Hace algún tiempo, en el curso de una conversación habitual, le señalé cómo, curiosamente, tras la caída del comunismo y el fin de la guerra fría en Europa, que ambos sufrimos, el término imperialismo había desaparecido por completo del diccionario político en uso. Melvin me contestó convencido: “Munnigh, ahora es que hay imperialismo. A mí no me cabe la menor duda”. A mí tampoco, aunque prefiero hablar de Imperio, que es una palabra menos panfletaria.
Melvin sigue hoy de cerca la crisis global del sistema capitalista y sus efectos devastadores para un ordenamiento mundial esencialmente injusto y desigual; la estudia, la analiza, la comenta, con una especie de fervor, de placer y delectación, como si estuviese frente a un objeto de laboratorio.

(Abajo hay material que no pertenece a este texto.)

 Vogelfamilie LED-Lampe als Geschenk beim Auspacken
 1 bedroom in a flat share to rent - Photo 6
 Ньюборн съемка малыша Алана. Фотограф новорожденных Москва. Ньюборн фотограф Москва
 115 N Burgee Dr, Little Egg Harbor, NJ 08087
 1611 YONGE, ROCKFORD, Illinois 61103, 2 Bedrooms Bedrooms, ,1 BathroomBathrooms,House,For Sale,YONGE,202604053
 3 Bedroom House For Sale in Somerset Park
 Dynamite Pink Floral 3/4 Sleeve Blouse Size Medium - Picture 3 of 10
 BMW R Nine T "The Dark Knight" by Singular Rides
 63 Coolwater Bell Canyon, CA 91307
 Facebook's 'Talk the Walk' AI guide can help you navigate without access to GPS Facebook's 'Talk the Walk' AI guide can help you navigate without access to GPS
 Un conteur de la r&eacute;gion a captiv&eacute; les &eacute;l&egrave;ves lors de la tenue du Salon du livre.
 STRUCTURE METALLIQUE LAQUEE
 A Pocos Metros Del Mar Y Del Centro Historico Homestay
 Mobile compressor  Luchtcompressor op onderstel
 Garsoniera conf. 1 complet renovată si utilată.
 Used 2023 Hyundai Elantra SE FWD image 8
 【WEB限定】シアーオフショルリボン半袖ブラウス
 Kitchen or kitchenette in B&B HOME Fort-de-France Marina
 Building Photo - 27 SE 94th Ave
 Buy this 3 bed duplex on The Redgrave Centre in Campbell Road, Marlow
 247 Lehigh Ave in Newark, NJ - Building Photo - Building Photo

En el fondo la goza íntimamente. Se atreve a pronosticar su derrumbe definitivo. Aún más: lo desea con vehemencia. Creo que es su manera personal de vengar la muerte de la utopía socialista en la que ambos creímos.
Travesía resume los rasgos más distintivos de la personalidad de Melvin Mañón: espíritu crítico, curiosidad permanente, honradez personal, audacia de pensamiento, sensibilidad social y política, sentido de la justicia.
Para las nuevas generaciones de lectores, a las que dirige su discurso, Melvin Mañón es un ejemplo curioso y viviente de alguien que no ha dejado de pensar el mundo que le tocó en suerte, de luchar por su mejoramiento y de buscar la verdad y la justicia en medio de sólidas incertidumbres.
*Este texto es el prólogo del libro Travesía, de Melvin Mañón, publicado en 2009 por la editorial Búho.